Excerpted records Start Marker

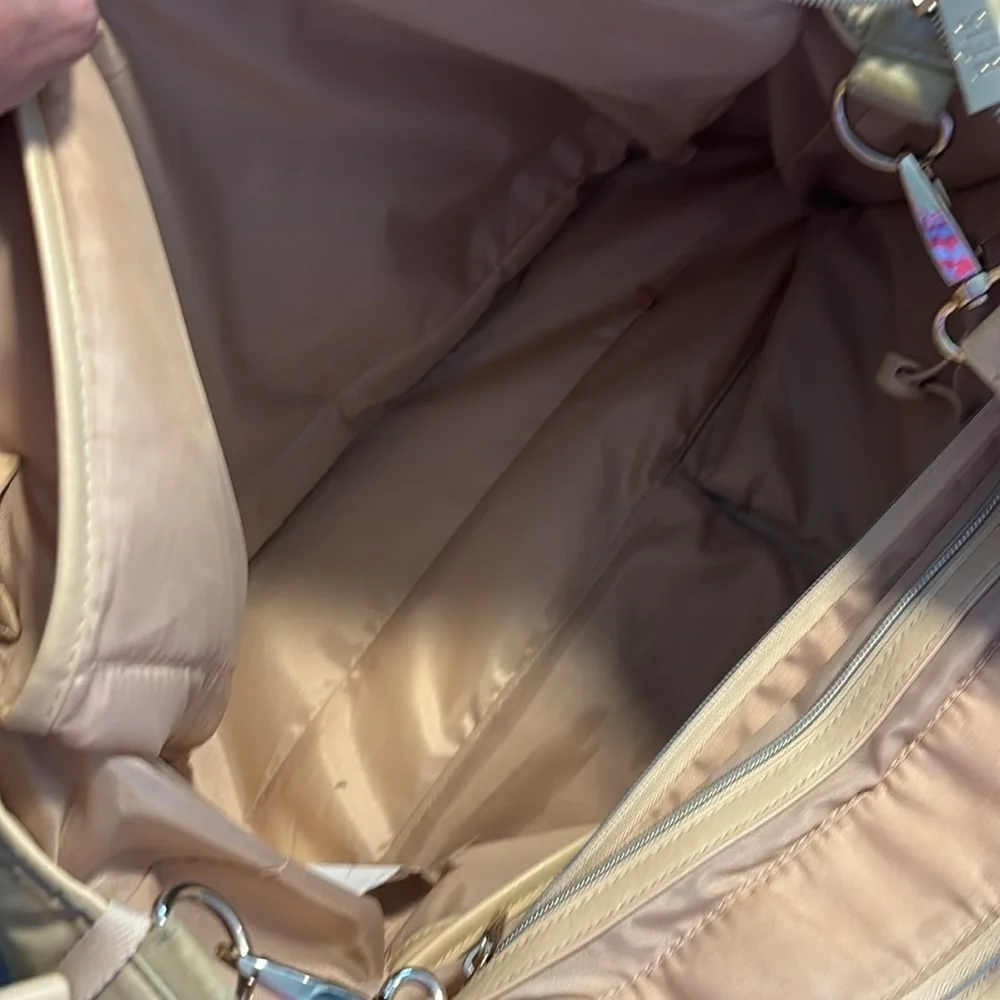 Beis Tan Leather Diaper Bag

Excerpted records End Marker
Excerpted records Start Marker

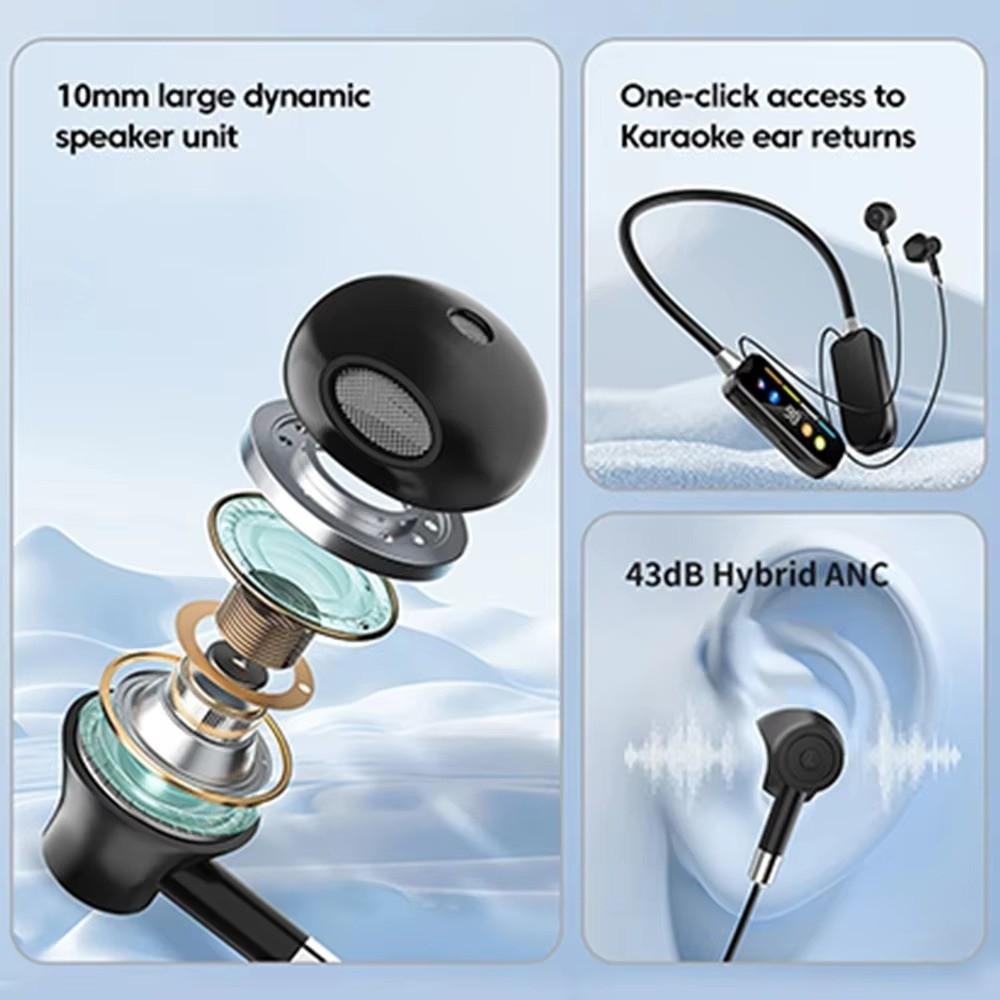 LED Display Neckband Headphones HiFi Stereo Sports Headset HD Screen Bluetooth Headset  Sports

Excerpted records End Marker
Excerpted records Start Marker

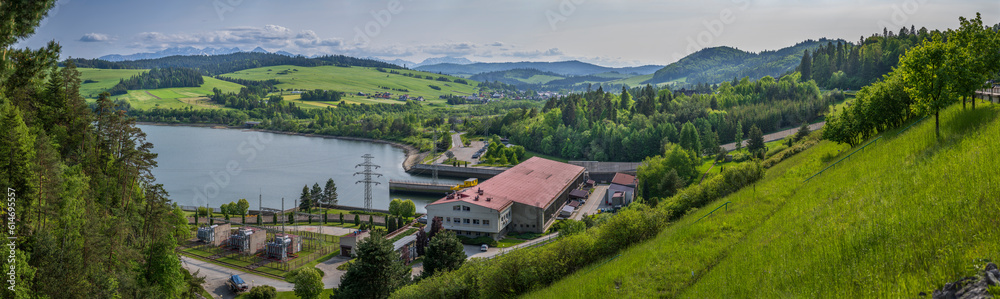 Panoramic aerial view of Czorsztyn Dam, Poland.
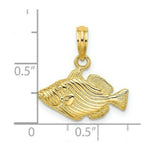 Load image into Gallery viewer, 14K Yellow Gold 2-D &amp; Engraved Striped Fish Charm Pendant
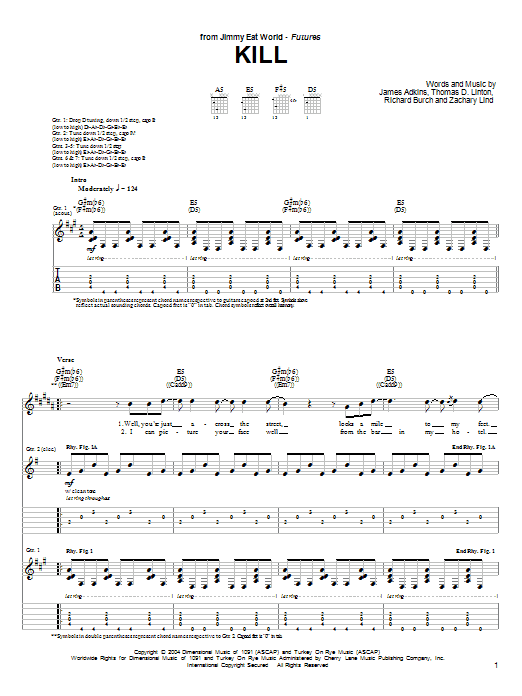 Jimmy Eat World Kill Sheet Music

Excerpted records End Marker

• **Work required**:
Find where the line with "Load image into" sits in the material above and where the line with "Jimmy Eat World Kill Sheet Music" sits. Set down exactly the lines from the first to the second, both included and nothing else, without pictures.

• **Exercise solution**:
 Load image into Gallery viewer, 14K Yellow Gold 2-D &amp; Engraved Striped Fish Charm Pendant
 Jimmy Eat World Kill Sheet Music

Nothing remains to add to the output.